Poya Lisa was a three hour public boat ride from the nearest port town, Ampana and our first stop on the trip. It’s a very small island, a couple hundred metres across on parts, with 10-12 bungalows. Nick and I stayed in the “expensive” bungalow at $18/night just for the view alone. Situated on the cliffside, we watched sunset from our balcony every night and could jump off into the water below for snorkeling around the island.
The family living on the island offered a free snorkeling trip to a near-by reef and wall drop off and a paid snorkeling trip to some reefs further out, an afternoon on a secluded beach and lunch cooked over a coconut fire. You know those screen savers, the ones with a small island, a lone palm tree and turquoise water in every direction…that’s what some of these islands look like. It is the ultimate definition of paradise.
After a few nights on Poya Lisa we traveled by boat 2 hours further into the islands to Kadidiri. We did all of our diving in Togean from here. The dive shop Black Marlin, that came recommended by locals, took us to secluded dive sites, kept the trips relaxed and fun. On our best day we paid extra to have our captain take us to an atoll; I’d never seen one before and it is still one of the most memorable days of the entire trip. After diving we spent our days lounging on the pier, drinking Bintang while Matt DJ’d.

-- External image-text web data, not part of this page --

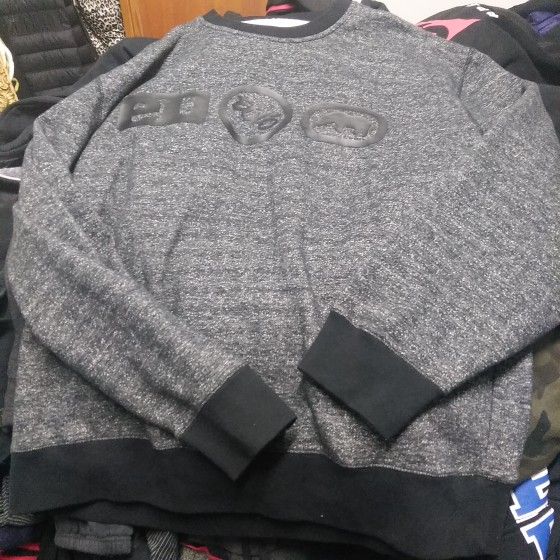 very baggy warm ECKO sweatshirt (3XL)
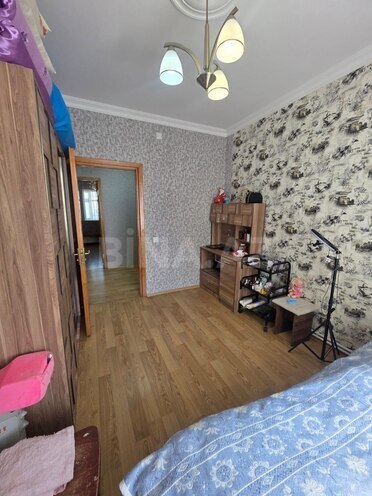 Продаётся 3-комн. вторичка 90 м², Абшеронcкий  р., photo 5 from 17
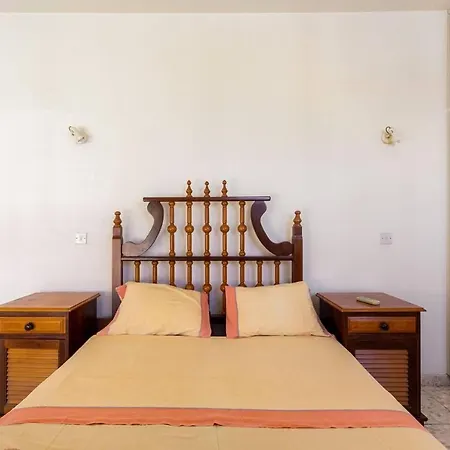 4 Bedroom Villa With Private Pool Near Beach *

Kadidiri is a larger island with three resorts and smaller secluded beaches so we rented kayaks a few times to explore the around the island and discuss plans to live here forever.
It rained for the first few days on the island, which kept us in our bungalows for longer than we wanted but when the sun finally peaked through I couldn’t believe how gorgeous it was. Our friend Antonia, who we met on Poya Lisa, told us we had to visit before we heading back to Sulawesi and it didn’t disappoint.
We spent days snorkelling around the island and took a local boat to the famous California reef. If our evenings weren’t spent on the dock waiting for sunset, we were having bonfires with the family who lived on the island. We will never forget the night on the dock when the water lit up with neon green bio-luminecense while we all exchanged travel stories. We had made friends and memories that will last a lifetime.
If it wasn’t for Matt and his friendship with Rey, Nick and I would never know what the Togean Islands are. Some of our fondest memories of our trip around the world were spent here making new friends and disconnecting from our Western reality. The islands are far too difficult to reach for anyone on a two week vacation, so unless we do another extended travel break we may never see them again. For now I remain thankful for this special time in one of the most beautiful parts of the world.